Sentiment with a humorous touch to it prevails in the first two stories of the present book. The one relates to the disappearance of a valuable white Persian cat with a blue spot in its tail. "Fatima" is like the apple of her eye to the rich old aunt who leaves her with two nieces, with a stern injunction not to let her out of the house. Of course both Sue and Ismay detest cats; Ismay hates them, Sue loathes them; but Aunt Cynthia's favor is worth preserving. You become as much interested in Fatima's fate as if she were your own pet, and the climax is no less unexpected than it is natural, especially when it is made also the last act of a pretty comedy of love.

Miss Montgomery delights in depicting the romantic episodes hidden in the hearts of elderly spinsters as, for instance, in the case of Charlotte Holmes, whose maid Nancy would have sent for the doctor and subjected her to a porous plaster while waiting for him, had she known that up stairs there was a note-book full of original poems. Rather than bear the stigma of never having had a love-affair, this sentimental lady invents one to tell her mocking young friends. The dramatic and unexpected denouement is delightful fun.

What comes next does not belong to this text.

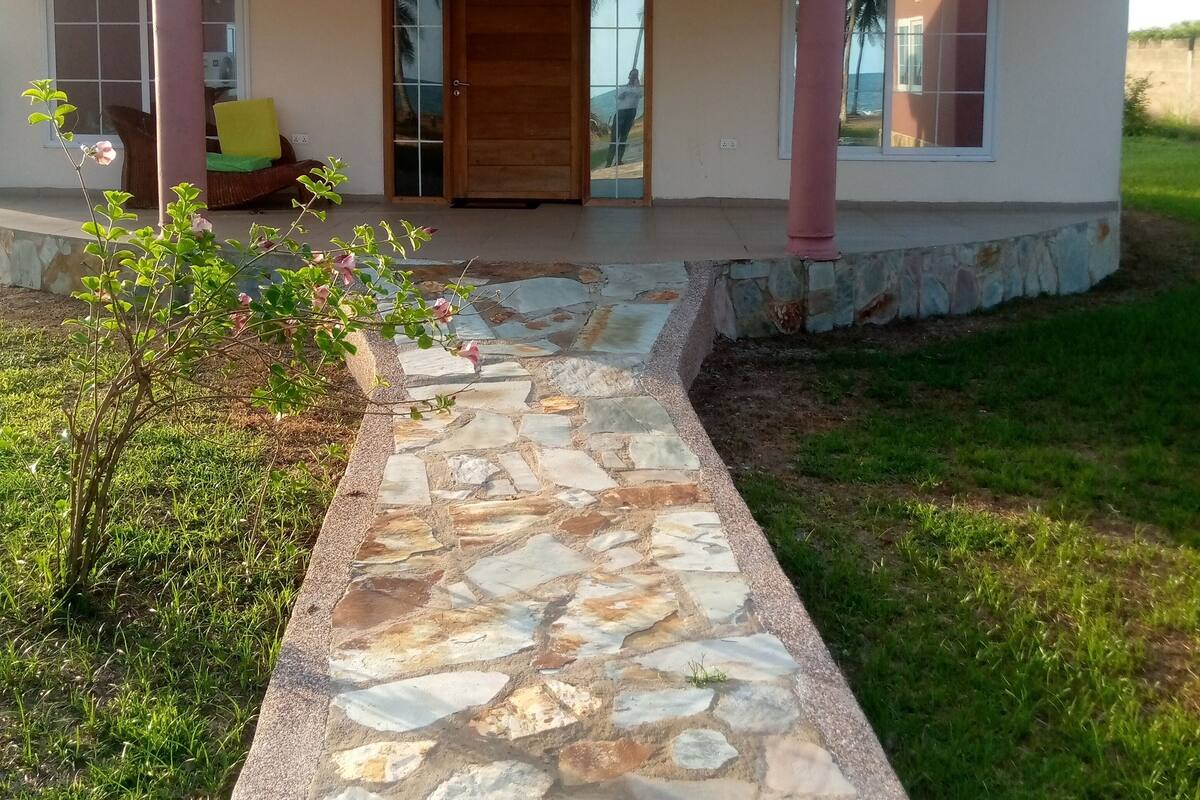 A house with a stone pathway leading to the entrance, a covered porch, and a view of the surrounding landscape.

Another note-book reveals a deeper romance in the case of Miss Emily; this is related by Anne of Green Gables, who once or twice flashes across the scene, though for the most part her friends and neighbors at White Sands or Newbridge or Grafton as well as at Avonlea are the persons involved.

In one story, the last, "Tannis of the Flats," the secret of Elinor Blair's spinsterhood is revealed in an episode which carries the reader from Avonlea to Saskatchewan and shows the unselfish devotion of a half-breed Indian girl. The story is both poignant and dramatic. Its one touch of humor is where Jerome Carey curses his fate in being compelled to live in that desolate land in "the picturesque language permissible in the far Northwest."

Self-sacrifice, as the real basis of happiness, is a favorite theme in Miss Montgomery's fiction. It is raised to the nth power in the story entitled, "In Her Selfless Mood," where an ugly, misshapen girl devotes her life and renounces marriage for the sake of looking after her weak and selfish half-brother. The same spirit is found in "Only a Common Fellow," who is haloed with a certain splendor by renouncing the girl he was to marry in favor of his old rival, supposed to have been killed in France, but happily delivered from that tragic fate.